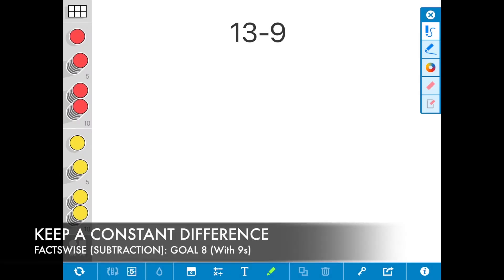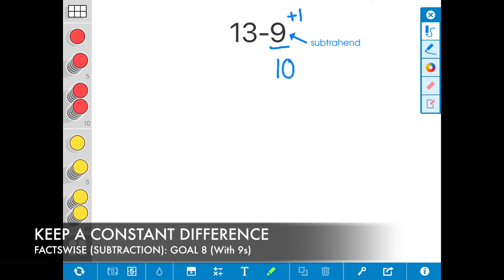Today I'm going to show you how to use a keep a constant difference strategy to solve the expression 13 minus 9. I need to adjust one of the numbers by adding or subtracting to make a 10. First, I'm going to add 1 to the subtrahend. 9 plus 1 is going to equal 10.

--

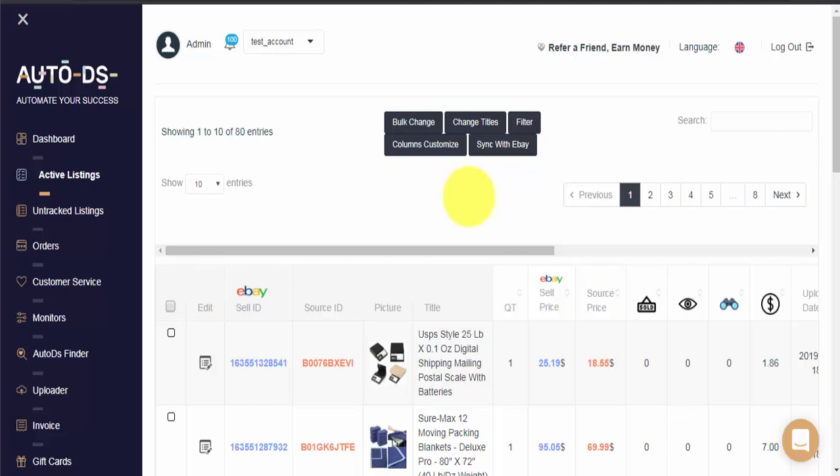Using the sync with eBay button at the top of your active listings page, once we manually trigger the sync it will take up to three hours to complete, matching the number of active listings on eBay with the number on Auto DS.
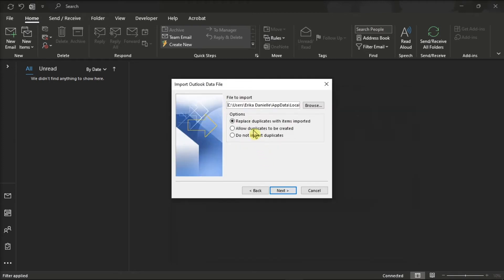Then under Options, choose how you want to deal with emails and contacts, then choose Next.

* * *

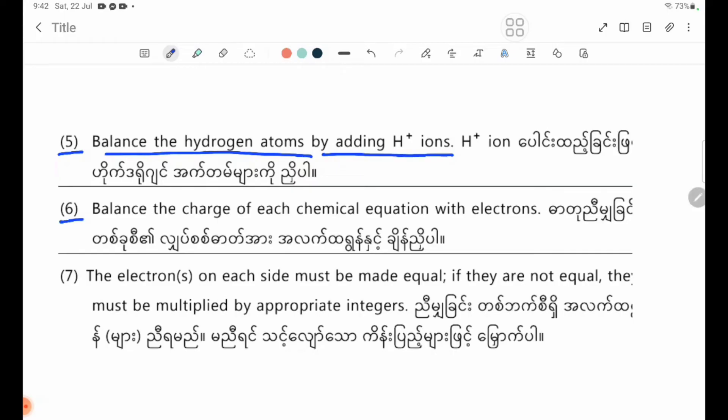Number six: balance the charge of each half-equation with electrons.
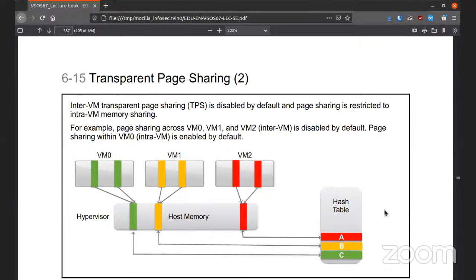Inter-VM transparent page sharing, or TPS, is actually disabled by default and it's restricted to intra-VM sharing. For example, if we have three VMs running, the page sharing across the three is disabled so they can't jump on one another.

**WORK TO COMPLETE**
Please copy out from the data above, without any picture, exactly the lines running from the one that holds "Using the sync" through the one that holds "Then under Options, choose", and nothing beyond them.

**RESULT FOR THIS TASK**
Using the sync with eBay button at the top of your active listings page, once we manually trigger the sync it will take up to three hours to complete, matching the number of active listings on eBay with the number on Auto DS.
Then under Options, choose how you want to deal with emails and contacts, then choose Next.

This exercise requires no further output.